On pourra également mentionner que l’isotope 238U émet un rayonnement gamma prompt de

capture radiative à 4,06 MeV [AIEA07] qui permettrait également de quantifier cet isotope et d’en déduire sa contribution au signal retardés à l’aide de simulations numériques.

V. Conclusion

La mesure des rayonnements gamma retardés de fission à partir de l’irradiation d’échantillons d’uranium et de plutonium dans la cellule REGAIN du CEA Cadarache a permis d’identifier les raies gamma intéressantes pour la caractérisation des isotopes 235U et 239Pu. Les rendements d’émission

de ces rayonnements gamma retardés de fission, déterminés à partir des mesures expérimentales, sont cohérents avec ceux calculés à partir de données tabulées. Les écarts les plus grands observés sur certaines raies gamma sont dus principalement aux incertitudes de mesures : détermination de la surface nette des pics de faible amplitude ou en interférence avec d’autres raies. Néanmoins, les ratios entre rendement mesurés et tabulés restent dans une plage de 0,7 à 1,55 pour toutes les raies d’intérêt étudiées, associées aux isotopes 235U et 239Pu.

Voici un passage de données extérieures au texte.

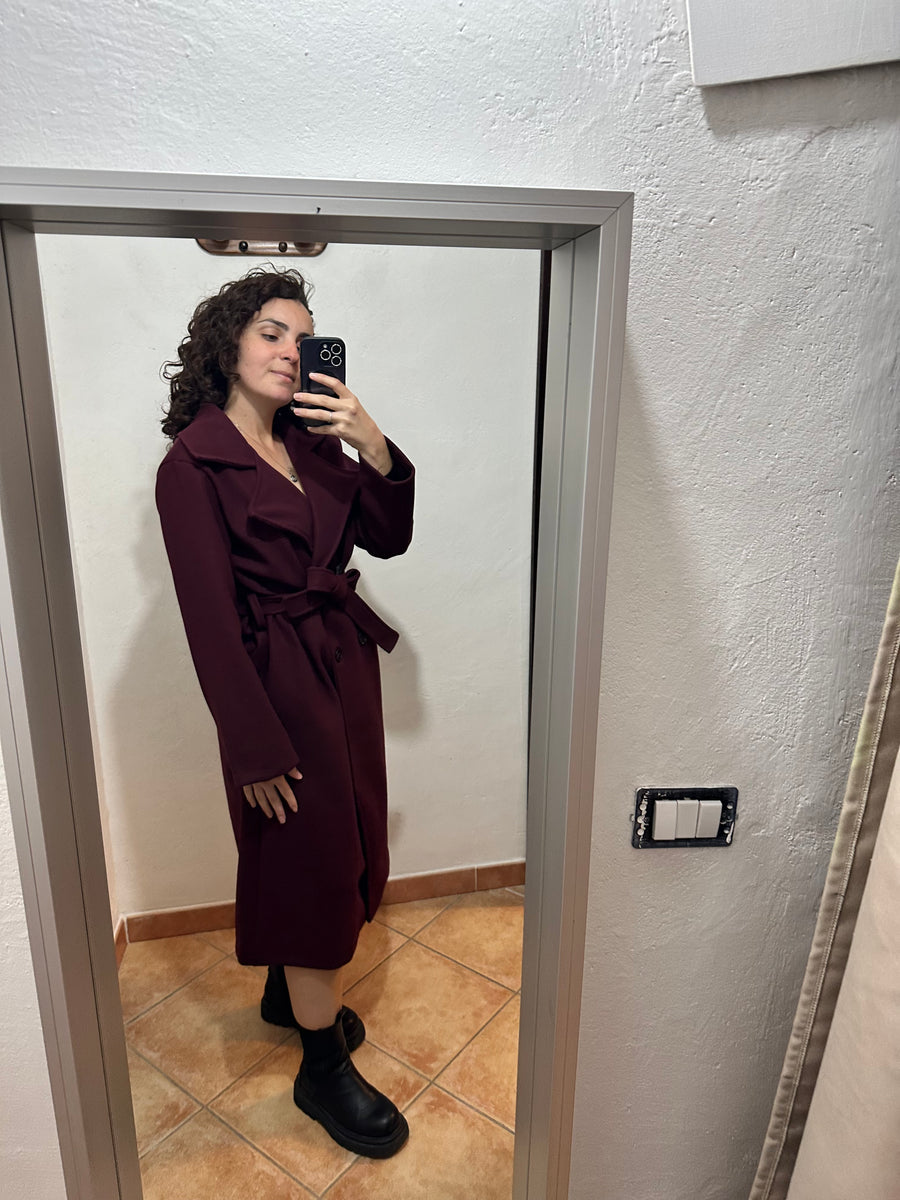 Cappotto 4 bottoni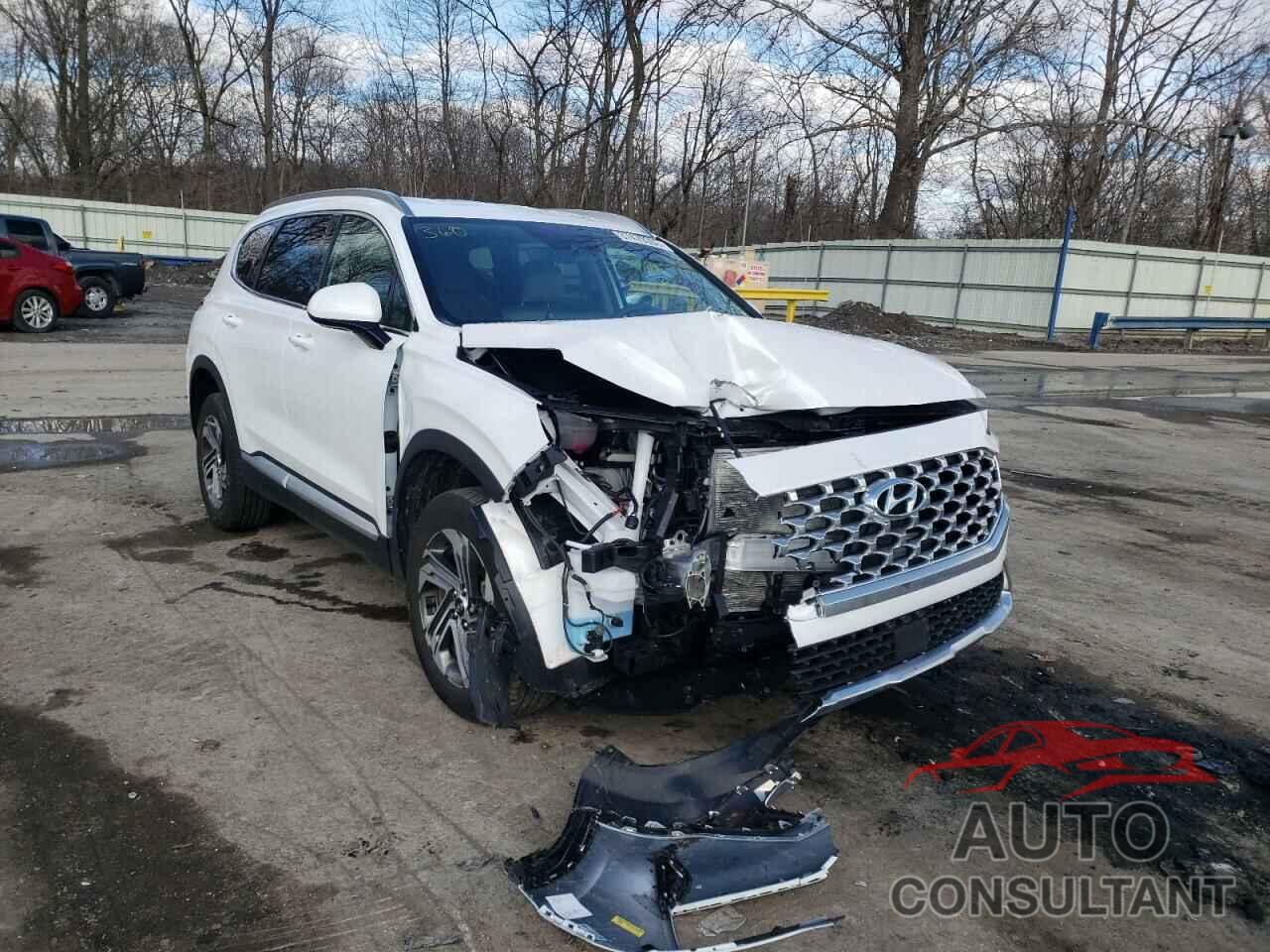 HYUNDAI SANTA FE 2022 - 5NMS2DAJ5NH384897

La simulation MCNP d’une irradiation pulsée de 7200 s d’un colis de déchets radioactifs de 225 L contenant une matrice bitumée, ou bétonnée, dans la cellule MEDINA du FZJ, montre que le signal des rayonnements gamma retardés de fission n’est que de quelques dizaines de coups par gramme d’isotope 235U ou 239Pu. La principale limitation dans le cas des déchets bitumés vient du haut niveau

d’activité gamma du colis, produisant une saturation de l’électronique de spectrométrie gamma haute résolution (pour détecteur GeHP) en l’absence de collimateur et d’écran supplémentaire. L’utilisation de ces derniers réduirait d’autant le signal utile, le rendant finalement indétectable. Toutefois, la méthode reste prometteuse dans le cas de colis de déchets moins irradiants, comme notamment les déchets bétonnés produits en Allemagne.

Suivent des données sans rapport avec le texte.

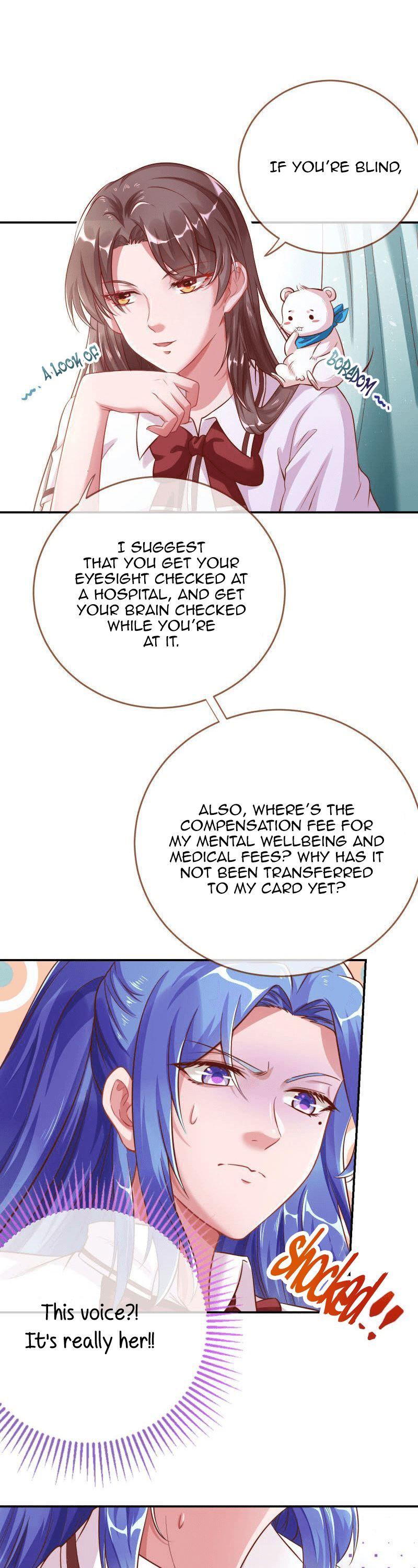 Cheating Men Must Die Chapter 90 page 8 - Chapter 90: That girl’s damn wild -- Filling in a blank cheque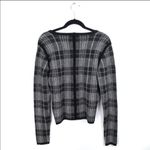 Anthropologie EUC Paige Denim Autry plaid wool alpaca blend sweater sz large Photo 2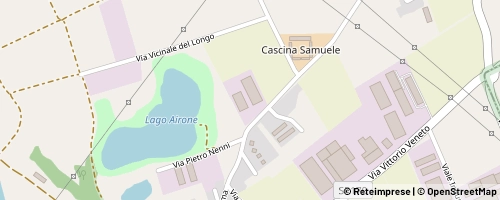 Mappa Bernate Ticino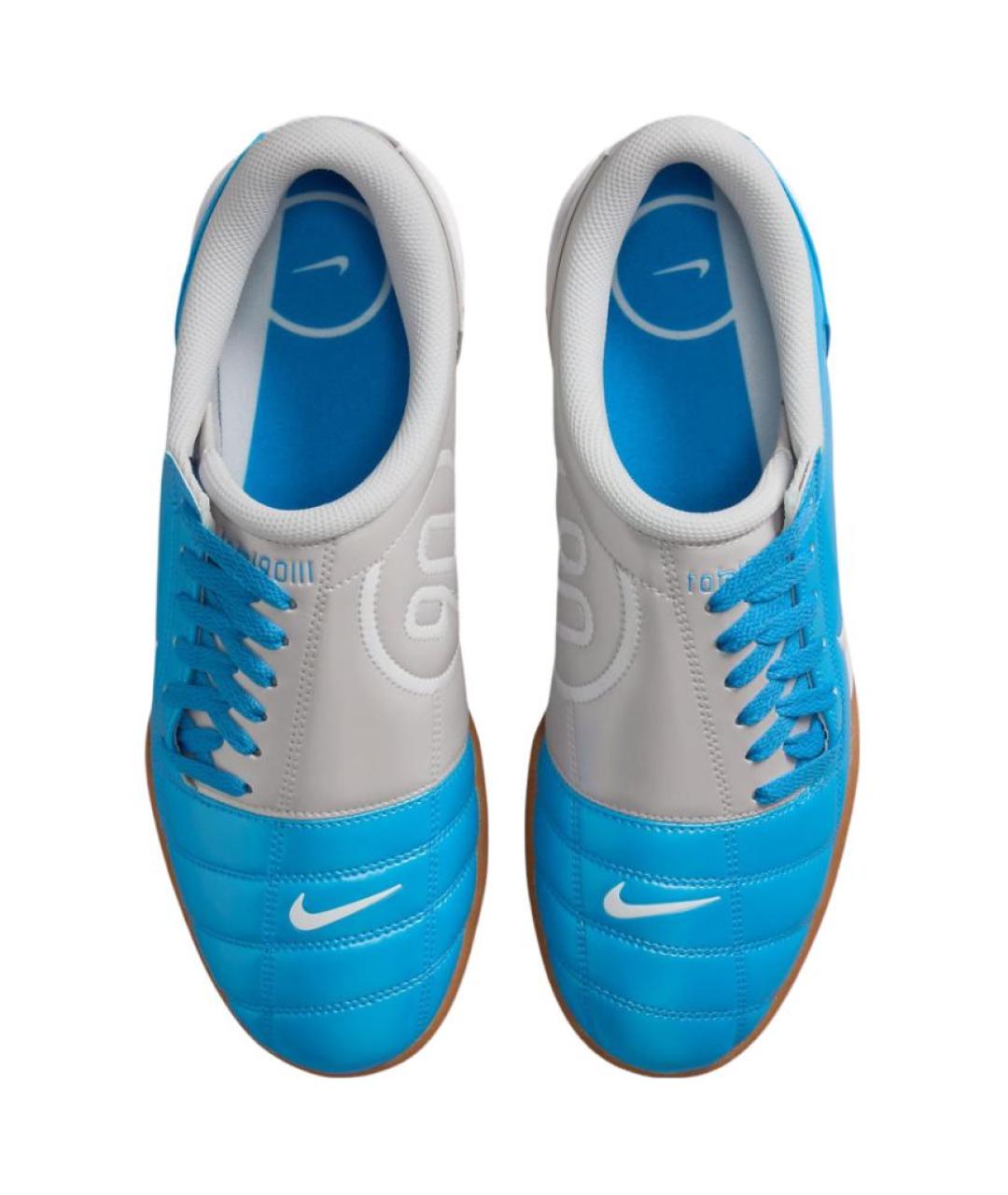 NIKE Синие кроссовки, фото 4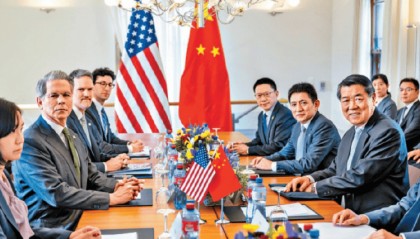 中美经贸磋商今日举行,“英国很兴奋”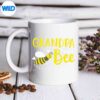 GrandpaBeeCuteBeekeepingPartyMatchingFamilymug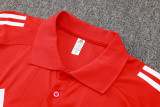 24-25 Man Utd High Quality Polo Tracksuit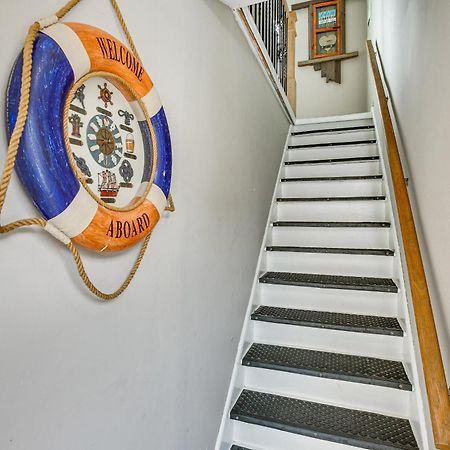 Bright Duplex Condo Walk To Brigantine Beach! エクステリア 写真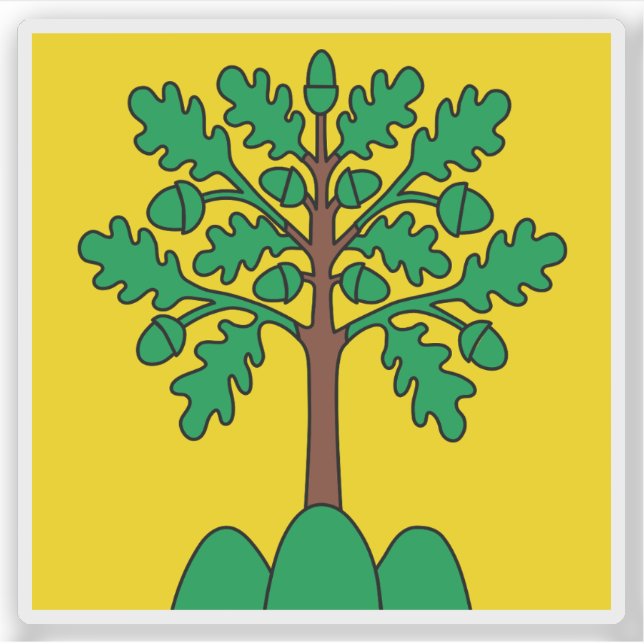 Flag of Monthey, Switzerland (Front)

Le calcul de la sensibilité de détection des rayonnements gamma retardés de fission, combiné avec une mesure du bruit de fond actif d’un colis bétonné maquette dans la cellule MEDINA, a permis d’estimer des limites de détection de l’ordre de quelques dizaines de grammes d’isotopes

235U ou 239Pu. Ces limites de détection peuvent potentiellement être améliorées grâce à l’utilisation

d’un générateur de neutrons possédant une émission supérieure au GENIE 16, ou encore d’un LINAC avec une source de conversion adaptée. L’optimisation de l’écrantage du détecteur, abordée dans le chapitre IV de ce mémoire, est aussi une voie d’amélioration des performances.

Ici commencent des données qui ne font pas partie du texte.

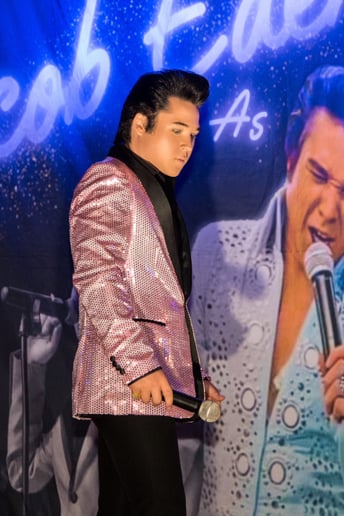 Gallery photo 5 of Jacob Eder as Elvis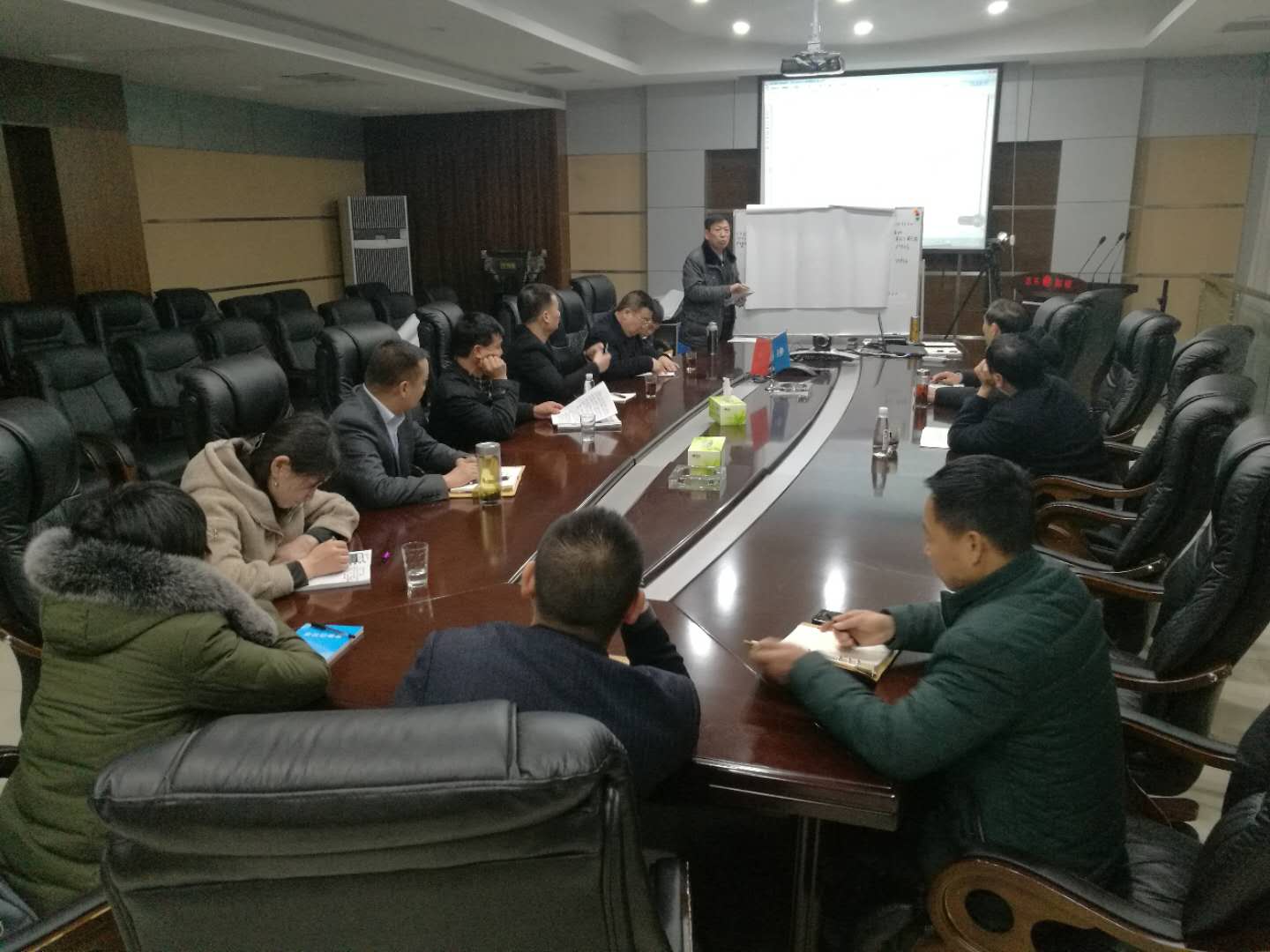 我司召開市場部全體職工專題培訓(xùn)會議 我司召開市場部全體職工專題培訓(xùn)會議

D’autre part, l’étude de différents cas enveloppe quant à la position de la matière fissile montre un impact très significatif pour les matrices hydrogénées comme le bitume. Bien que le phénomène soit plus modéré dans le cas de la matrice bétonnée, l’absence d’information sur la répartition de la matière fissile entraine une incertitude significative sur sa quantification. Un moyen de réduire cette incertitude serait de mesurer les rayonnements gamma retardés émit à plus haute énergie [Carrel11a].

Enfin, la présence de l’isotope 238U avec l’isotope 235U nécessite de prendre en compte la

contribution des fissions rapides. L’étude de leur contribution pour plusieurs enrichissements d’uranium a montré que cette composante n’est significative que dans le cas d’une teneur en isotope

235U inférieure à 0,2 %, et que celle-ci devrait pouvoir être quantifiée par adaptation des équations

de mesure des rayonnements gamma retardés de fission.

En conclusion, malgré ces réserves, la méthode semble donc intéressante dans le cas de fûts ayant un niveau d’émission gamma modéré et contenant quelque dizaines de grammes de matière fissile. Pour de futurs travaux, l’utilisation des nouvelles versions de MCNP [MCNP6] et MCNPX [MCNPX260], capables de générer les rayonnements gamma retardés, permettra d’étudier plus en détails les performances de la méthode à partir des simulations numériques.